(Task goal) Please make an exact copy of the listing, without the pictures.

Provided data below:

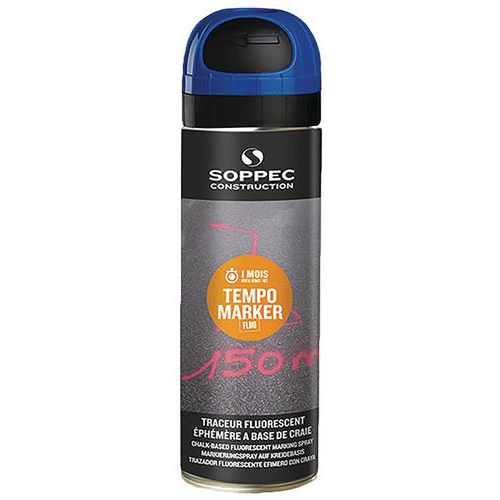 Traccialinee spray fluorescente a breve durata a base di gesso - Tempo Marker - Soppec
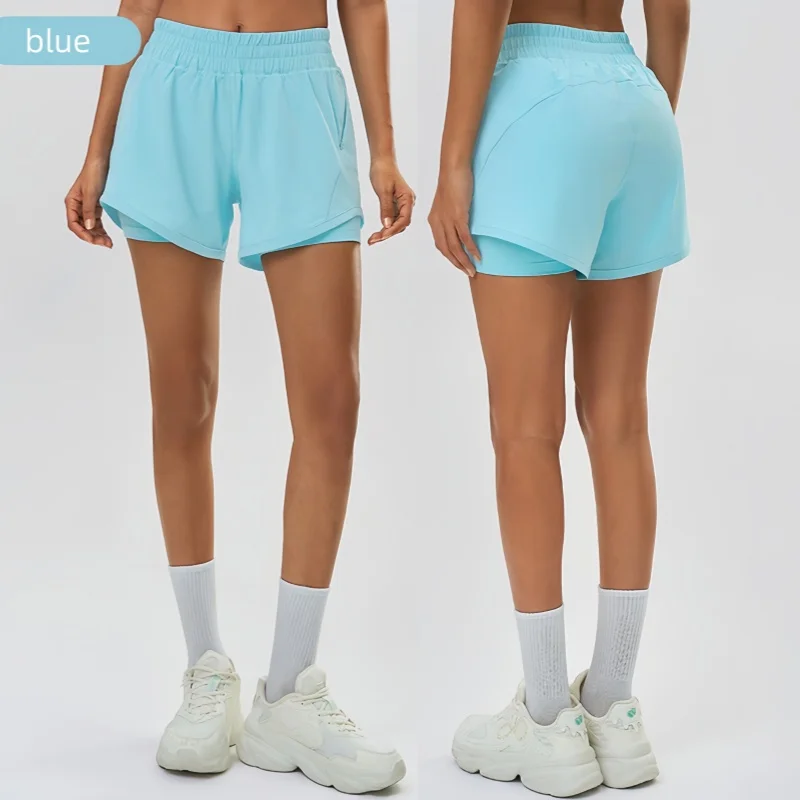 Women's High-Waisted Yoga Shorts - Summer Breathable 2-in-1 Workout Hot Shorts with Anti-Slip Design for Training & Fitness
Women's High-Waisted Yoga Shorts - Summer Breathable 2-in-1 Workout Hot Shorts with Anti-Slip Design for Training & Fitness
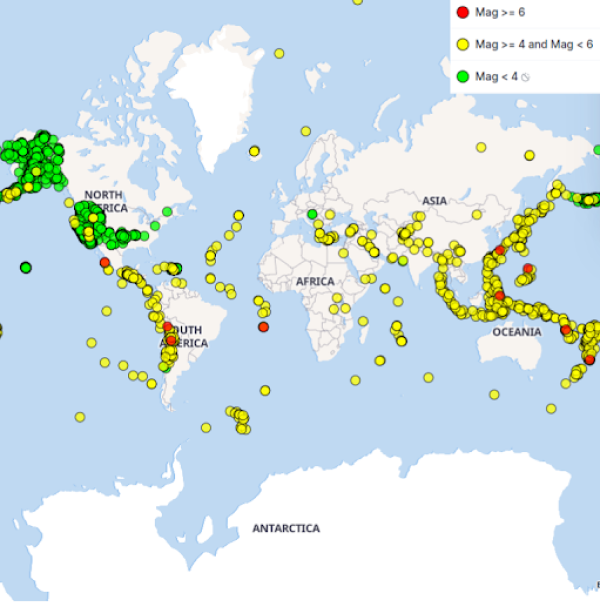 Visualisasi Gempa Bumi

End of Provided data.

(Exercise result)
 Traccialinee spray fluorescente a breve durata a base di gesso - Tempo Marker - Soppec
 Women's High-Waisted Yoga Shorts - Summer Breathable 2-in-1 Workout Hot Shorts with Anti-Slip Design for Training & Fitness
Women's High-Waisted Yoga Shorts - Summer Breathable 2-in-1 Workout Hot Shorts with Anti-Slip Design for Training & Fitness
 Visualisasi Gempa Bumi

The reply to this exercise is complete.